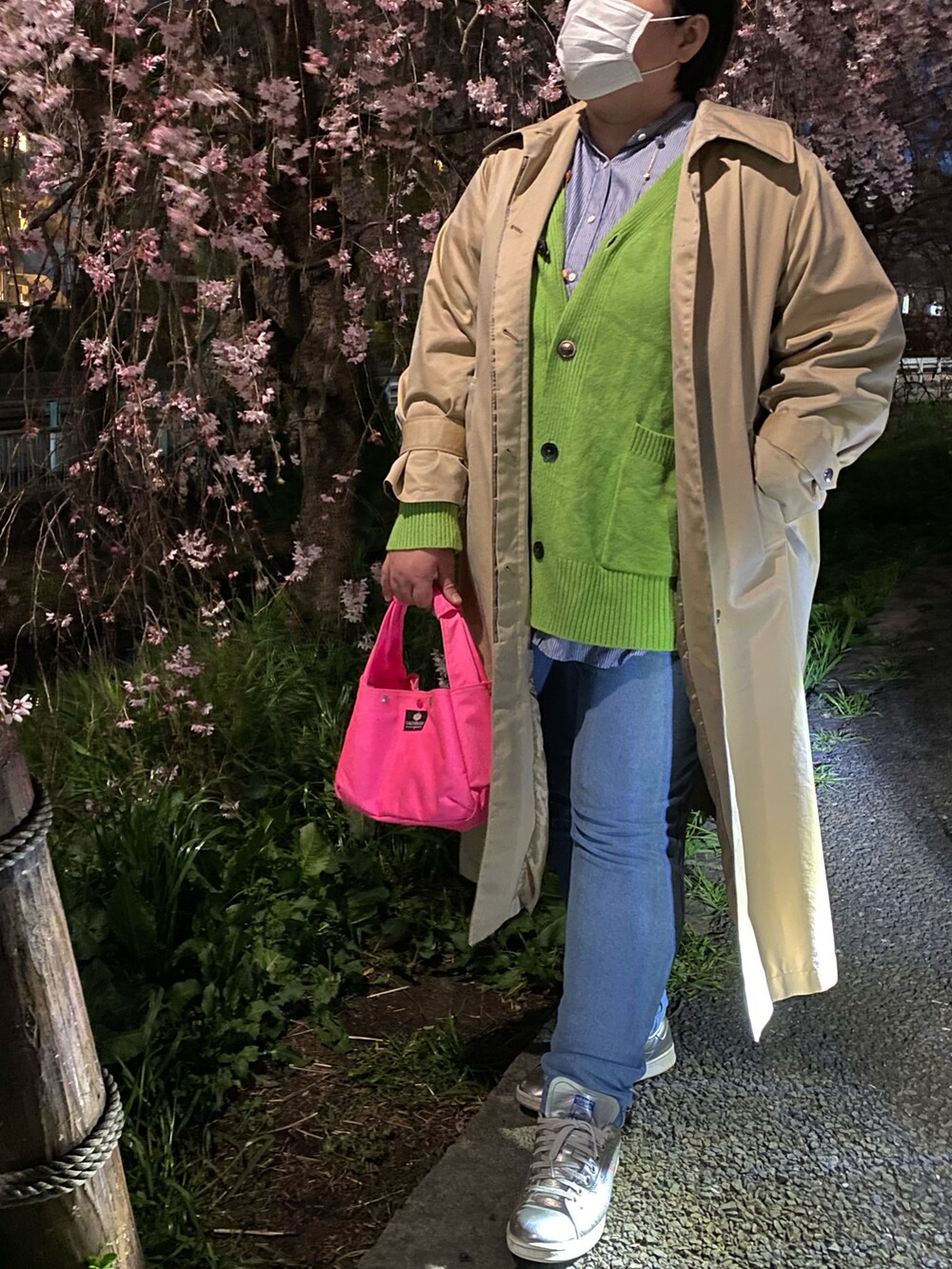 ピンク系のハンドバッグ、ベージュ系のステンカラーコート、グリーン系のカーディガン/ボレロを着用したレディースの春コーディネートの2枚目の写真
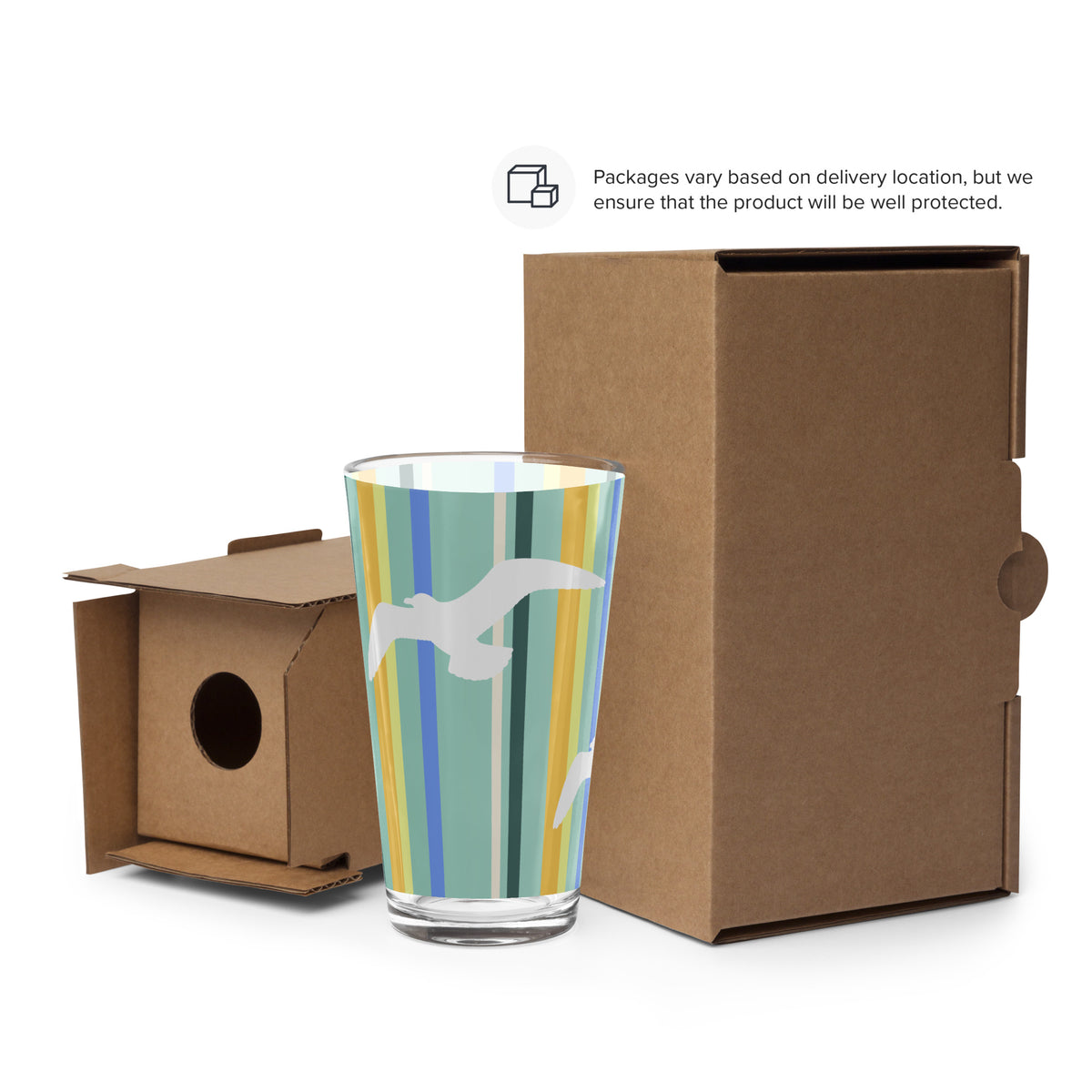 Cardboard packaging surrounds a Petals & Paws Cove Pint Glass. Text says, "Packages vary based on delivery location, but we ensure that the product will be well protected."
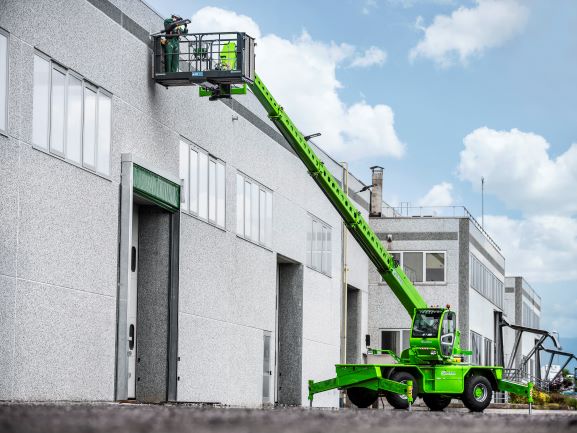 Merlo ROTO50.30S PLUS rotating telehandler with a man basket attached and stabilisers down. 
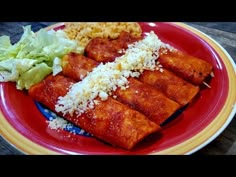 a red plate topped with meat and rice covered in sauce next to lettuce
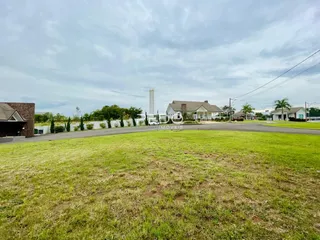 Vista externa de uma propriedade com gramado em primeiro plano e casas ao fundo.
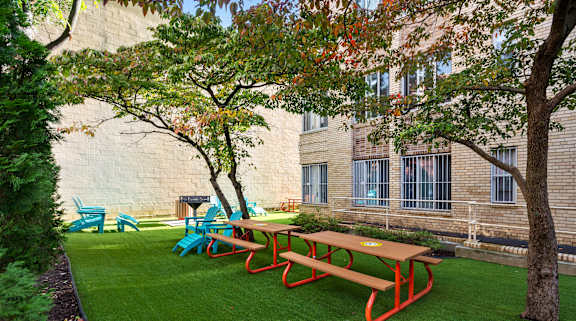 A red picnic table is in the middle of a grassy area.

§ **THE PROBLEM**
A word-for-word copy of all the data is required, minus the pictures.

§ **WRITTEN REPLY**
 ピンク系のハンドバッグ、ベージュ系のステンカラーコート、グリーン系のカーディガン/ボレロを着用したレディースの春コーディネートの2枚目の写真
 Cardboard packaging surrounds a Petals & Paws Cove Pint Glass. Text says, "Packages vary based on delivery location, but we ensure that the product will be well protected."
 Merlo ROTO50.30S PLUS rotating telehandler with a man basket attached and stabilisers down. 
 a red plate topped with meat and rice covered in sauce next to lettuce
 Vista externa de uma propriedade com gramado em primeiro plano e casas ao fundo.
 A red picnic table is in the middle of a grassy area.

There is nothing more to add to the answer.